In 2015, hackers were able to tap into and kill the transmission of a 2014 Jeep Cherokee as it drove down a highway in St. Louis. The Internet of Things (IoT) allows many features and advantages. Its incorporation into sophisticated designs can achieve remarkable outcomes. However, IoT security presents a concern for the entire design team and all the stakeholders with whom they interact.
More and more engineering designs will incorporate IoT, however, the devices that are part of the design process may be the source of the risk. Katie Curtin, lead product marketing manager for Security Solutions at AT&T, cites AT&T’s Cybersecurity Insights report What Every CEO Needs to Know About Cybersecurity. The report forecasts that 50 billion devices will connect to networks by 2020.
Vulnerability Scans of IoT Devices Increase
“The issue is that hackers are seeing this too,” says Curtin. “Over the past two years, our Security Operations Center has logged a 458% increase in vulnerability scans of IoT devices.”
The increase may be due in part to devices within the network not always having proper security measures set forth early. “We found that only 10% of organizations are confident that the devices on their network are secure,” she says. “This underscores the importance of working to provide security in every device because of a breach’s financial and reputation cost. Finding ways to help secure these new devices and the associated data is vital to managing security threats going forward. Since every new device creates a new entry point into the network — it is more important than ever to help make these endpoints highly secure.”
Given the history of high-profile breaches, security is top of mind for consumers and needs to be a top priority for the companies building connected products. “In order for connected products — and the IoT overall — to succeed, security must be a key consideration in the design phase and built in from the get-go,” says Calum Barnes, senior manager, IoT Products & Strategy, Xively by LogMeIn in Boston. “On average, companies building connected products spend almost 20% of their design effort on data and device security.”
Incorporating security, however, is not so easy.
Jeff Shiner, director of IoT Solutions, Micron Technology, says that when implementing IoT into design, security is one of the most difficult burdens for engineers to tackle. “This is primarily due to the fact that critical security elements on clients or nodes aren’t currently native to these platforms and in most cases can be very costly to implement due to both the software and hardware elements required. In addition to the complexity of redesign, the approach can be fairly fragmented between different software and hardware vendors,” he says.

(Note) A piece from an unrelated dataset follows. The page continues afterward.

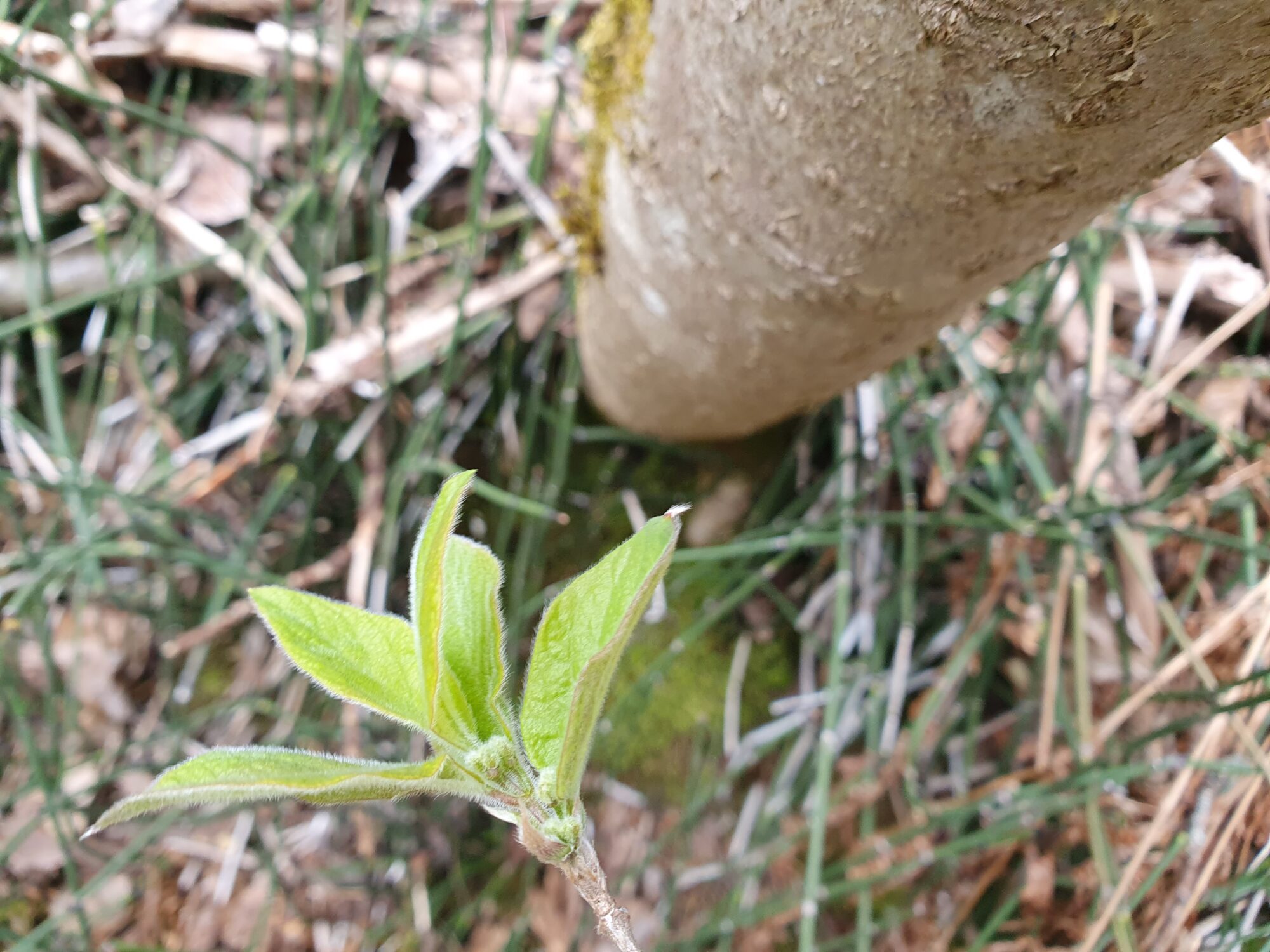 Valokuvaaja: Pirkko Tuulihovi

“This, in turn, can translate into a long investigation cycle followed by a costly design cycle based on each organizations specific security needs,” Shiner continues.

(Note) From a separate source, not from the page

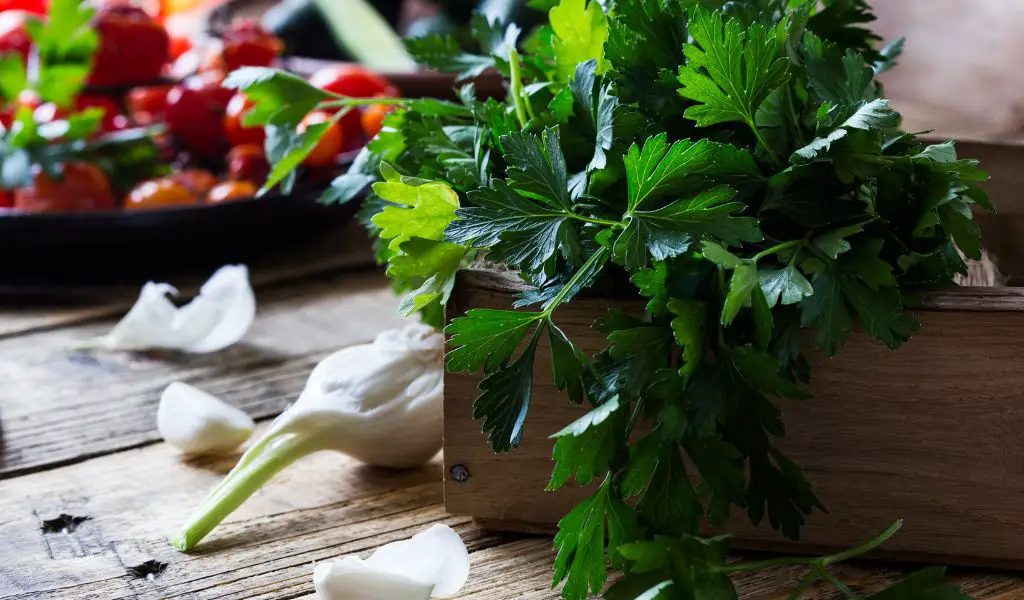 Growing and Caring for Store Bought Parsley Plants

IoT Security Implementation Strategy
Responsibilities within the design team will vary among entities. However, the roles of everyone, with respect to IoT security, must be clarified.
Barnes says that chief architects and security engineers are typically responsible for the end state of the security of the product. However, he emphasizes that to be successful, companies need to make security part of the overall product development process and have every developer take responsibility for building and delivering a secure solution. He cites Microsoft’s popular Security Development Lifecycle method for constant evaluation of security posture during development as a great way to do this.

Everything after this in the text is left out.